WHAT IS NEEDED
Write out exactly what each line says, starting with the first line below and ending on the one with "The Lubriderm® products".

DATA
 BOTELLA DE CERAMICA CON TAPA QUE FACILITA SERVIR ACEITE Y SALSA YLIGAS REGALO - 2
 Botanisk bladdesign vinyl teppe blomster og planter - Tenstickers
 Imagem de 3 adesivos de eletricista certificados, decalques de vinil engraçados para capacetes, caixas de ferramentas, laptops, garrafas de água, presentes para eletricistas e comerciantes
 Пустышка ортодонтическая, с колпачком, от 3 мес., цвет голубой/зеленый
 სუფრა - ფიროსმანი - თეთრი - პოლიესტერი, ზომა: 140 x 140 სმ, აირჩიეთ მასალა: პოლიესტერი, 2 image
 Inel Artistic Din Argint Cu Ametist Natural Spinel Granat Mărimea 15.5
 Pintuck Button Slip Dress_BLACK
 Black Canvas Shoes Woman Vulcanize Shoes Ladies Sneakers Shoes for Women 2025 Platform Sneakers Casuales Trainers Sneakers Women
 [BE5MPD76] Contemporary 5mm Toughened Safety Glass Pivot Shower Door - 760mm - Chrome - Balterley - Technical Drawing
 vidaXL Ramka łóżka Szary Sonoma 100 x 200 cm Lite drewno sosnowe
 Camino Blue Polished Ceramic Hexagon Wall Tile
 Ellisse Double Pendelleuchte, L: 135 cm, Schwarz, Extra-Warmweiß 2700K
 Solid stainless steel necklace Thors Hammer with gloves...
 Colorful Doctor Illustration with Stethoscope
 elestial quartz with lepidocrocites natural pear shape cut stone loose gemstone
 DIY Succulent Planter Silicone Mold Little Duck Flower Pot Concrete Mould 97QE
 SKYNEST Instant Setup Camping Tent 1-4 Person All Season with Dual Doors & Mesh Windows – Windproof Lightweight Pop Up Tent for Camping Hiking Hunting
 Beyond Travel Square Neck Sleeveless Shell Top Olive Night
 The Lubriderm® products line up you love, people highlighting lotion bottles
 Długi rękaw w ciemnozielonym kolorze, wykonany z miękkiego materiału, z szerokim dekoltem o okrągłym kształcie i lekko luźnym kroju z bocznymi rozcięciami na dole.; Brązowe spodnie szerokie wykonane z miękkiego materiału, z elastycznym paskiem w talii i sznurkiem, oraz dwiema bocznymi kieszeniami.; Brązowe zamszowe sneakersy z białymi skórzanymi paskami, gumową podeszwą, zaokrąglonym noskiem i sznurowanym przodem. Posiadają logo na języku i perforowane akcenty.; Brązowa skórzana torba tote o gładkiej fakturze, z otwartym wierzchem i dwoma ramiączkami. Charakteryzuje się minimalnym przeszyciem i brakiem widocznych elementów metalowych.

EXERCISE OUTPUT
 BOTELLA DE CERAMICA CON TAPA QUE FACILITA SERVIR ACEITE Y SALSA YLIGAS REGALO - 2
 Botanisk bladdesign vinyl teppe blomster og planter - Tenstickers
 Imagem de 3 adesivos de eletricista certificados, decalques de vinil engraçados para capacetes, caixas de ferramentas, laptops, garrafas de água, presentes para eletricistas e comerciantes
 Пустышка ортодонтическая, с колпачком, от 3 мес., цвет голубой/зеленый
 სუფრა - ფიროსმანი - თეთრი - პოლიესტერი, ზომა: 140 x 140 სმ, აირჩიეთ მასალა: პოლიესტერი, 2 image
 Inel Artistic Din Argint Cu Ametist Natural Spinel Granat Mărimea 15.5
 Pintuck Button Slip Dress_BLACK
 Black Canvas Shoes Woman Vulcanize Shoes Ladies Sneakers Shoes for Women 2025 Platform Sneakers Casuales Trainers Sneakers Women
 [BE5MPD76] Contemporary 5mm Toughened Safety Glass Pivot Shower Door - 760mm - Chrome - Balterley - Technical Drawing
 vidaXL Ramka łóżka Szary Sonoma 100 x 200 cm Lite drewno sosnowe
 Camino Blue Polished Ceramic Hexagon Wall Tile
 Ellisse Double Pendelleuchte, L: 135 cm, Schwarz, Extra-Warmweiß 2700K
 Solid stainless steel necklace Thors Hammer with gloves...
 Colorful Doctor Illustration with Stethoscope
 elestial quartz with lepidocrocites natural pear shape cut stone loose gemstone
 DIY Succulent Planter Silicone Mold Little Duck Flower Pot Concrete Mould 97QE
 SKYNEST Instant Setup Camping Tent 1-4 Person All Season with Dual Doors & Mesh Windows – Windproof Lightweight Pop Up Tent for Camping Hiking Hunting
 Beyond Travel Square Neck Sleeveless Shell Top Olive Night
 The Lubriderm® products line up you love, people highlighting lotion bottles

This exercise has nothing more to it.